## EXERCISE AIM
Given the records below, would you repeat exactly the lines that begin at the one containing "Вельветовые брюки с боковой молнией" and end at the one containing "#قصائد_شعر_خواطر_غزل_مجرد_ذوق", inclusive?

Brief descriptive captions:
<<<<

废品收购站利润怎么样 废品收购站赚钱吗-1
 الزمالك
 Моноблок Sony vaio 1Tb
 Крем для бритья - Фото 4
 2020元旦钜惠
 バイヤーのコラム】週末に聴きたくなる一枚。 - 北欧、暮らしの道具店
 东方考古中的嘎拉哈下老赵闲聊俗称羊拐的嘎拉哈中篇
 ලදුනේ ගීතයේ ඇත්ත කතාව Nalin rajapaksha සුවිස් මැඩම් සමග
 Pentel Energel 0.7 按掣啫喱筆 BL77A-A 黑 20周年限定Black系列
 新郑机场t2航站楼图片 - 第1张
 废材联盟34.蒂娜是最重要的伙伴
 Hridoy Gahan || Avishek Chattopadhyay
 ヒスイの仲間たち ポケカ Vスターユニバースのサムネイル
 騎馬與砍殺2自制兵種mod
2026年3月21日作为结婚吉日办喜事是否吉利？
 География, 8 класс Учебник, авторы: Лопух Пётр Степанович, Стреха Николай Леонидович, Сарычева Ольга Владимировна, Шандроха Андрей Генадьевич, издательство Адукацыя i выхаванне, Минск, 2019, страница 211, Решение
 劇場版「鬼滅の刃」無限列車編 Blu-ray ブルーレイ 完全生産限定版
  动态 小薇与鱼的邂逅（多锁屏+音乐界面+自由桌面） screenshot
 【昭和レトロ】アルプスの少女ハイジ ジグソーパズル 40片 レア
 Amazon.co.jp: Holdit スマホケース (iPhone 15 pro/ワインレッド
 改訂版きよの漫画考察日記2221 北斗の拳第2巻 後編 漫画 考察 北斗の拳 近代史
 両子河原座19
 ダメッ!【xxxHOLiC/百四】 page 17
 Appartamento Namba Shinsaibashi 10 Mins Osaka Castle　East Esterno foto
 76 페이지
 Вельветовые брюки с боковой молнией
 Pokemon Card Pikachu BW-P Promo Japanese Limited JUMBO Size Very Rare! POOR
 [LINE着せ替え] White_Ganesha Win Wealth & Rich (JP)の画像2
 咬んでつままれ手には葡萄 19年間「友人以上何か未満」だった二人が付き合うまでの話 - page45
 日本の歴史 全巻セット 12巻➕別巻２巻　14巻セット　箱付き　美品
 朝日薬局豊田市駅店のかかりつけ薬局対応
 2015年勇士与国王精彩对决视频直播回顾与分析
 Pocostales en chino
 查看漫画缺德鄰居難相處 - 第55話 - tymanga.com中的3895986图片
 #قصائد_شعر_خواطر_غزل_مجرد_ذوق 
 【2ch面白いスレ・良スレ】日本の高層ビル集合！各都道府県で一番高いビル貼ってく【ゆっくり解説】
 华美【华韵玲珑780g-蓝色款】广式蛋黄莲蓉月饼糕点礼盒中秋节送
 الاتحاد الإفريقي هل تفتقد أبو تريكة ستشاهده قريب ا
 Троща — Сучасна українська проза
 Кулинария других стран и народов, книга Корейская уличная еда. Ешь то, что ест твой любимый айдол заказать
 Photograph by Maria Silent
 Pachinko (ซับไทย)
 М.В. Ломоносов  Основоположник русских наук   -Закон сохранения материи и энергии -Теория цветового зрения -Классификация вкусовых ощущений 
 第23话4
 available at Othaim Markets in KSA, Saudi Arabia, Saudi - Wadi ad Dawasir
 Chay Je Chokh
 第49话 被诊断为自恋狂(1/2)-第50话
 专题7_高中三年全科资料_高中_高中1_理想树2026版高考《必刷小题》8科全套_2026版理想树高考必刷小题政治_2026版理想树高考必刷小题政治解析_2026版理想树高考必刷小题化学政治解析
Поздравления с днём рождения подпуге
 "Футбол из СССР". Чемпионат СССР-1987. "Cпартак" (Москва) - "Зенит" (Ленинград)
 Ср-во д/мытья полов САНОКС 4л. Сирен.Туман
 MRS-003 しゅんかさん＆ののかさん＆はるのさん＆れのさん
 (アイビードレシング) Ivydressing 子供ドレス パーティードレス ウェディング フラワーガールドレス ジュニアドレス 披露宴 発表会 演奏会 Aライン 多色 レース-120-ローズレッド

>>>>

## RESPONSE BOX
 Вельветовые брюки с боковой молнией
 Pokemon Card Pikachu BW-P Promo Japanese Limited JUMBO Size Very Rare! POOR
 [LINE着せ替え] White_Ganesha Win Wealth & Rich (JP)の画像2
 咬んでつままれ手には葡萄 19年間「友人以上何か未満」だった二人が付き合うまでの話 - page45
 日本の歴史 全巻セット 12巻➕別巻２巻　14巻セット　箱付き　美品
 朝日薬局豊田市駅店のかかりつけ薬局対応
 2015年勇士与国王精彩对决视频直播回顾与分析
 Pocostales en chino
 查看漫画缺德鄰居難相處 - 第55話 - tymanga.com中的3895986图片
 #قصائد_شعر_خواطر_غزل_مجرد_ذوق 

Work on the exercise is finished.